At Spotify, we have a complex and diverse data processing ecosystem. Our backend infrastructure handles millions of requests per second, which are processed by over a thousand (micro)services. Our batch pipeline environment is equally complex and diverse; we run thousands of jobs written in a variety of frameworks such as Scio, BigQuery, Apache Crunch and Spark. The data processed by these services and pipelines power critical parts of our organization. We use data to calculate royalties, run A/B tests, process payments, serve playlists and suggest new tracks to our users.
Despite cultivating such an ecosystem, there are a few areas where we need a company-wide standard. Privacy is one of these areas; as it is time consuming and resource-intensive to verify the integrity of several different approaches, we need a single approach that works everywhere.

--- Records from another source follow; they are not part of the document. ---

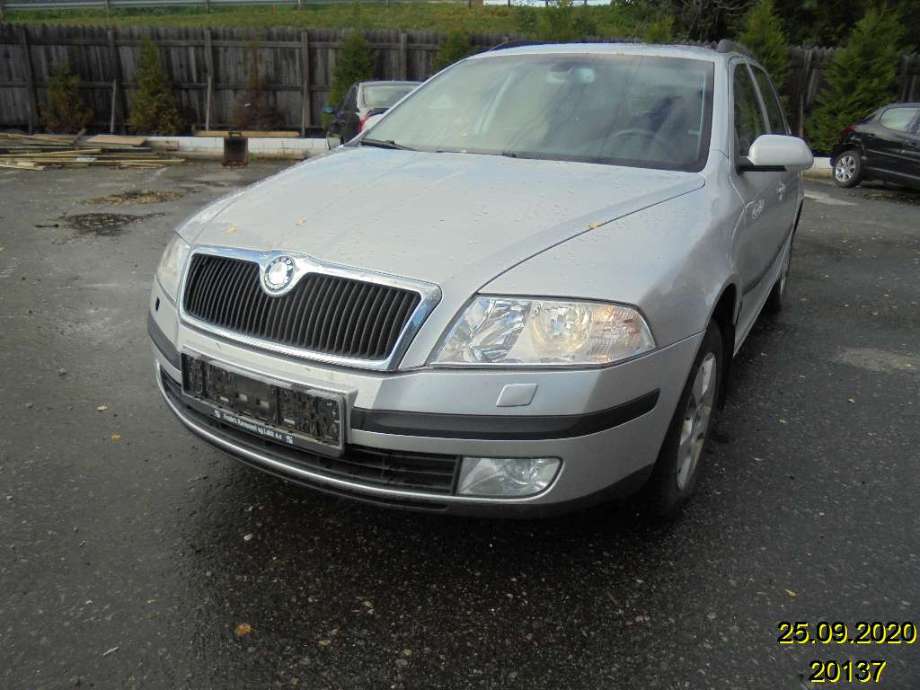 Škoda Octavia 2005-2008 (Type II, Fase 1) , Motorkode: BJB;BKC, Girkassekode: 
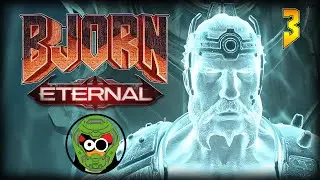 [3] And there's some kind of king I guess? | DOOM Eternal Livestream Gameplay |  DOOM Eternal Play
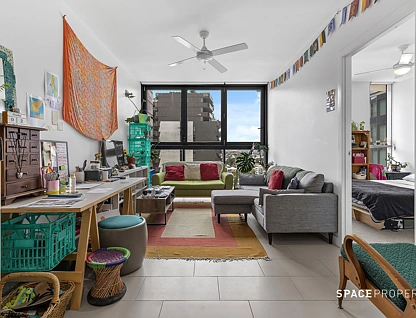 1003/128 Brookes Street, Fortitude Valley, Brisbane - Inner City Region, 1部屋, 1バスルーム, Apartment
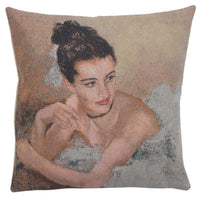 Spanish Ballerina Decorative Pillow Cushion Cover by Alessia Cara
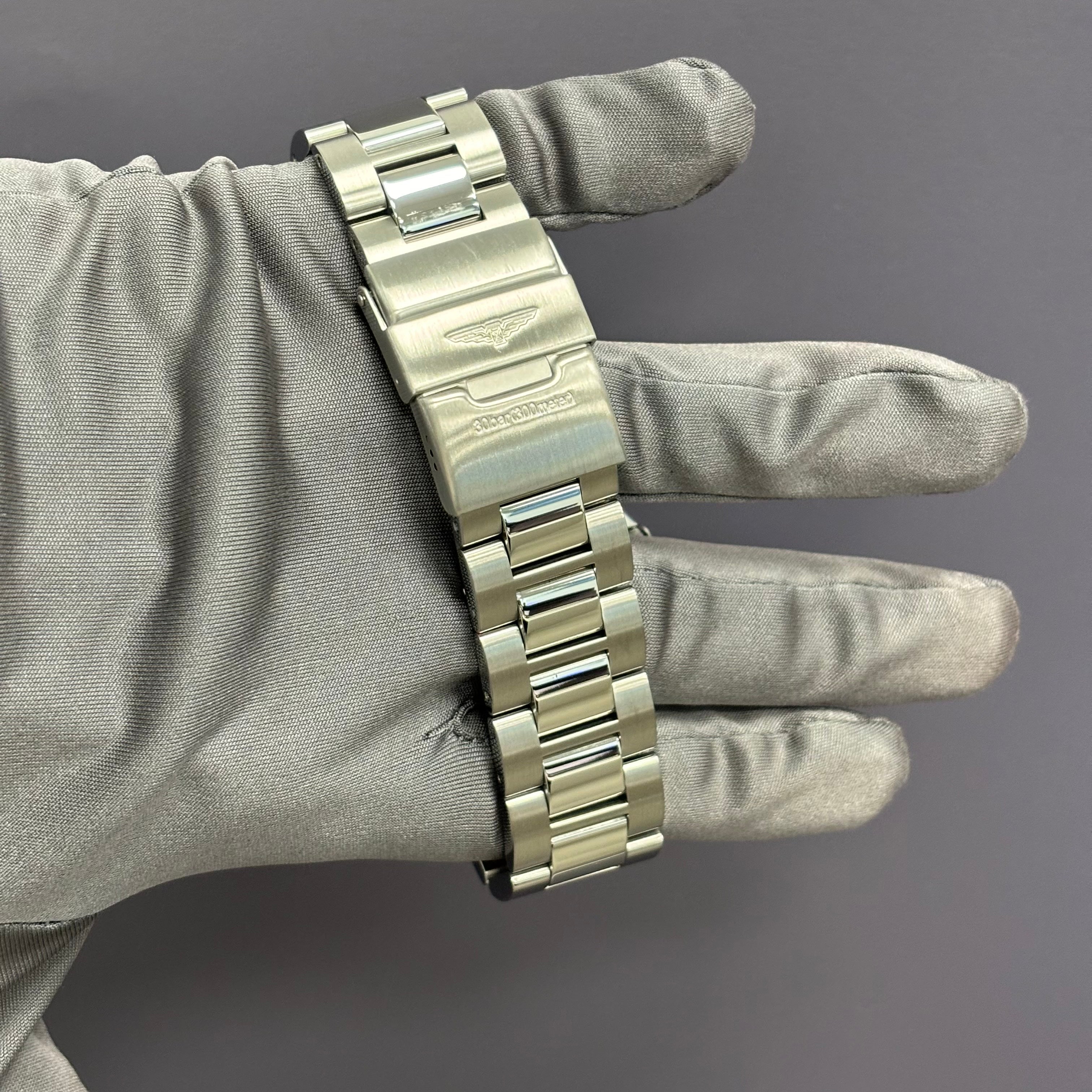 Longines Hydroconquest 44mm Black Dial Watch Ref# L3.840.4.56.6 - Happy Jewelers Fine Jewelry Lifetime Warranty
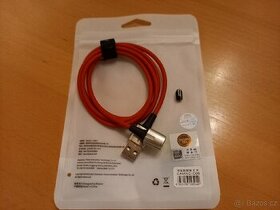 Magnetický microUSB kabel 1m - 1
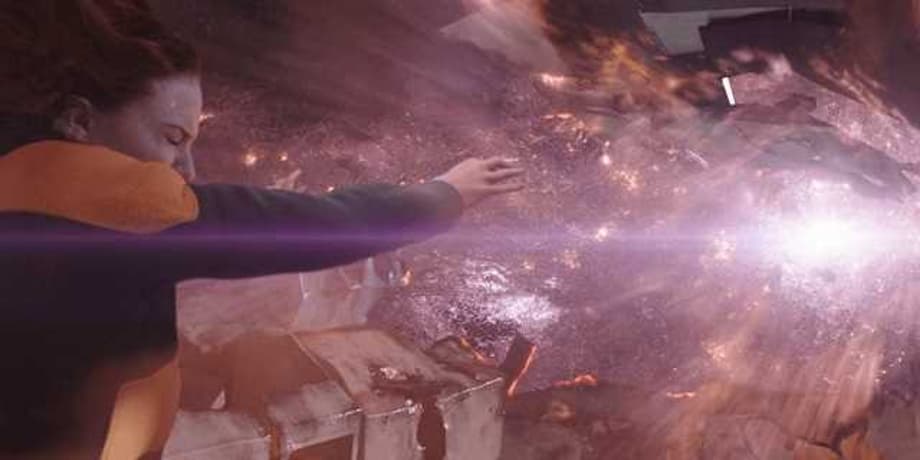 DARK PHOENIX VFX Spoiler Stills Showcase Jean's Villainous Transformation And More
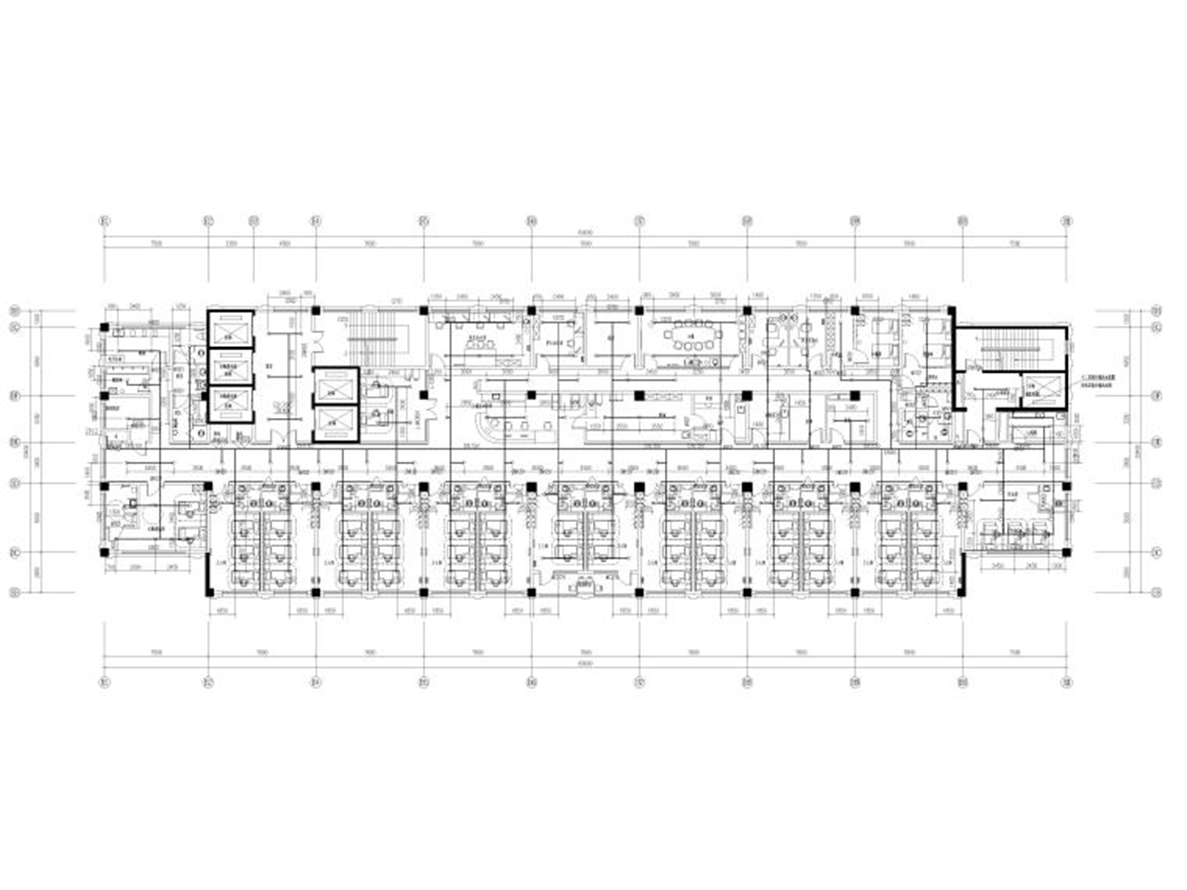 48m一類高層醫(yī)療建筑住院樓給排水施工圖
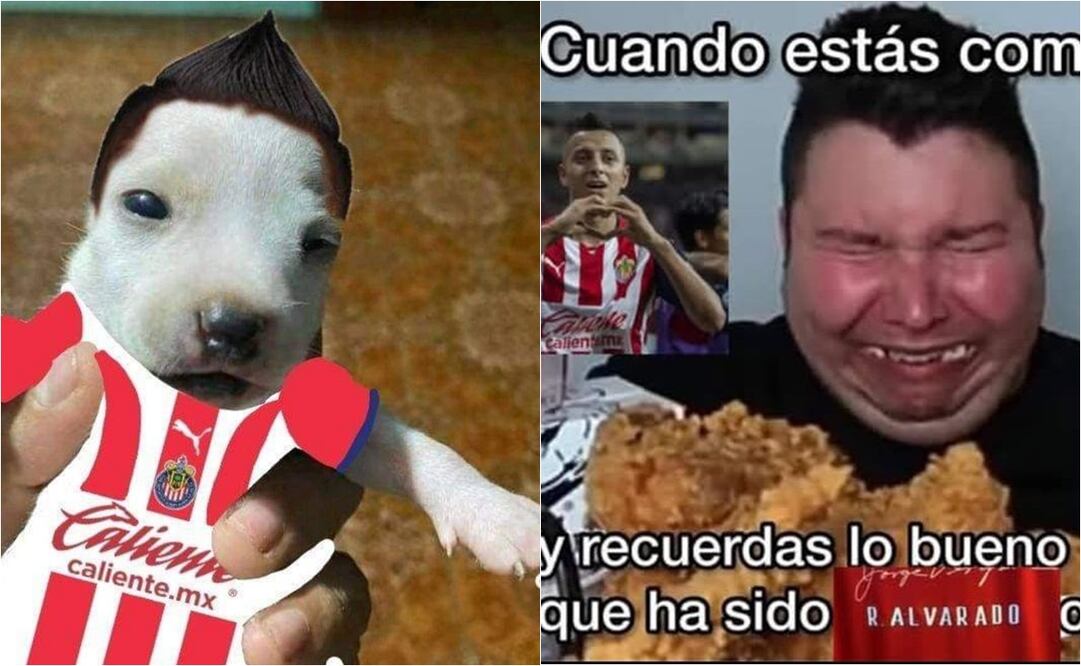 FOTO: Los mejores MEMES del triunfo de Chivas ante Santos - ESPECIAL
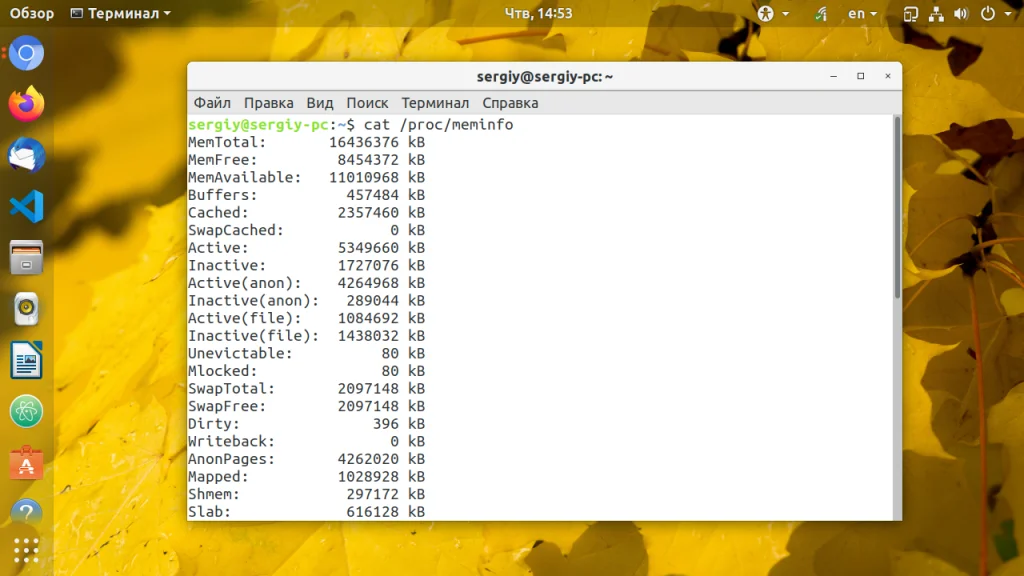 Оперативная память в Linux: 14 способов проверить и контролировать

In this post, we will discuss one of the infrastructure systems that helps our developers build systems that are compliant with our privacy standards.
Why we encrypt
One of the standards we have set at Spotify is that personal data of our users can only be persisted when it is encrypted. Each user has their own set of keys that should be used for the encryption. We set this standard for two reasons. First, because it reduces the impact of leaking a dataset, since the dataset by itself is useless – attackers also need the decryption keys. Second, because it allows us to control the lifecycle of data for individual users centrally.
The latter reason is especially important, because if all data belonging to a user is encrypted with a single keychain, deleting that keychain guarantees the data is inaccessible. This means that we have an efficient way of removing all data associated with an individual user, without reliance on a full listing of all systems and datasets that may have data about the user.
This is a big win for a company like Spotify, where we highly value the autonomy of squads (our term for teams). We believe squads should have freedom in designing their systems and that dependencies between squads should be minimized. Having a simple rule – encrypt data before you store it – that ensures compliance and helps us uphold our privacy standards with minimal overhead to squads.
Before choosing encryption, we considered two alternative approaches for managing the lifecycle of data about our users. The first was to require services to include a deletion endpoint, which would remove an individual user when queried with the user’s userid. To delete a user, we would call the delete endpoint on all services. Once all systems acknowledged the delete, all data of the user would be removed.
The downsides of this approach are that it is very difficult to provide any guarantees that it successfully ran on all systems, and that it requires each squad to correctly implement and maintain their own solution for each system they own. For smaller companies with only a few backend services, this may work, but for a company that has over a thousand microservices (and growing) this is simply not viable. Additionally, this approach only works for backend systems: it does not work for our datasets. We want to keep our datasets immutable, because scanning through petabytes of data every time we want to delete a few rows for a single user is too expensive.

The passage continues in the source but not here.